== Data for this exercise ==
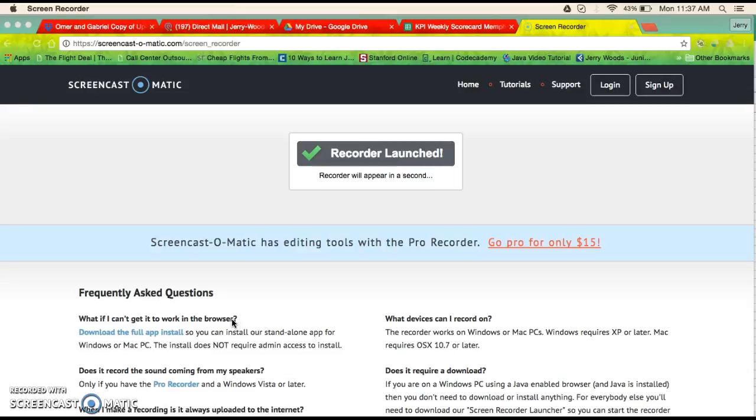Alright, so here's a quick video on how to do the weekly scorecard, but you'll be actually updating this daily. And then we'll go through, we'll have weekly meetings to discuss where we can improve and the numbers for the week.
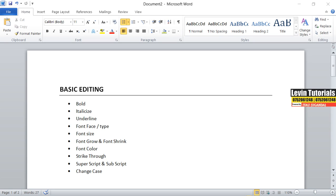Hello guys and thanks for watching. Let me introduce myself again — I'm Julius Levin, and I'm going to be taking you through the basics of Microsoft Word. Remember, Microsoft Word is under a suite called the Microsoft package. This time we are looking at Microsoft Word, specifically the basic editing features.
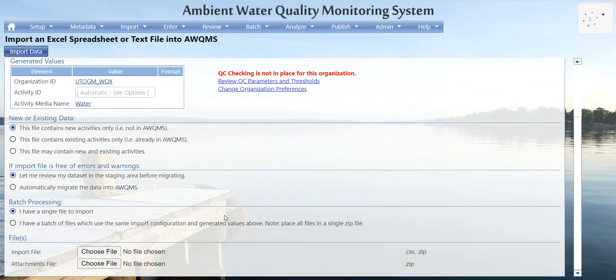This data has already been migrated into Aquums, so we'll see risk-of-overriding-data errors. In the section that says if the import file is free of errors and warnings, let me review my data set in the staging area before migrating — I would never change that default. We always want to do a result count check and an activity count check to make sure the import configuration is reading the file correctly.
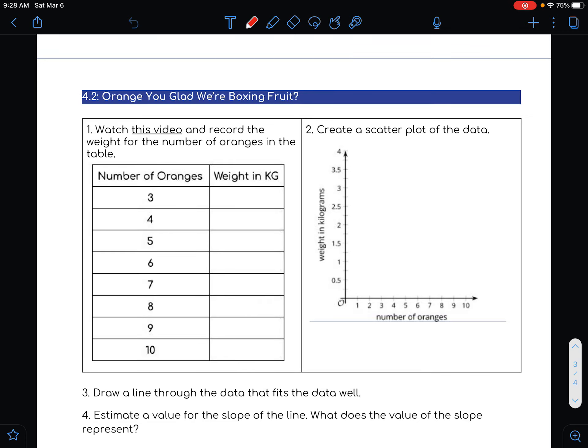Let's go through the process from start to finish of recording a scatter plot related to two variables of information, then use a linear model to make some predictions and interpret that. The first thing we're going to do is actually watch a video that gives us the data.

==

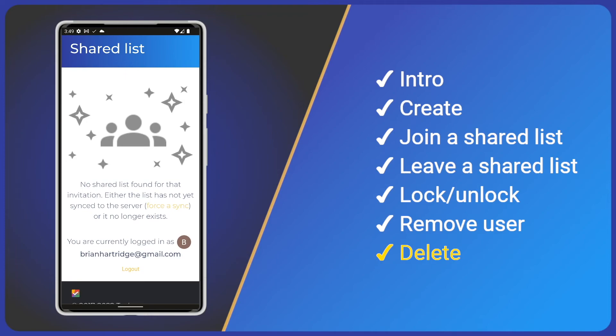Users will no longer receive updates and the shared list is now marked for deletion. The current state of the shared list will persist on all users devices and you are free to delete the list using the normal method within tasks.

--

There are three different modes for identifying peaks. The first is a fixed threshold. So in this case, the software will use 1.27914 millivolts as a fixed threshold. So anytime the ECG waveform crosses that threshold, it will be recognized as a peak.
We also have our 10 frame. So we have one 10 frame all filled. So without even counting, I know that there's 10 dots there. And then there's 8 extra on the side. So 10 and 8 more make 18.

== Exercise objective ==
All that belongs in the answer is the run of lines above from the line containing "There are three" through the line containing "We also have", exactly as written.

== Written answer ==
There are three different modes for identifying peaks. The first is a fixed threshold. So in this case, the software will use 1.27914 millivolts as a fixed threshold. So anytime the ECG waveform crosses that threshold, it will be recognized as a peak.
We also have our 10 frame. So we have one 10 frame all filled. So without even counting, I know that there's 10 dots there. And then there's 8 extra on the side. So 10 and 8 more make 18.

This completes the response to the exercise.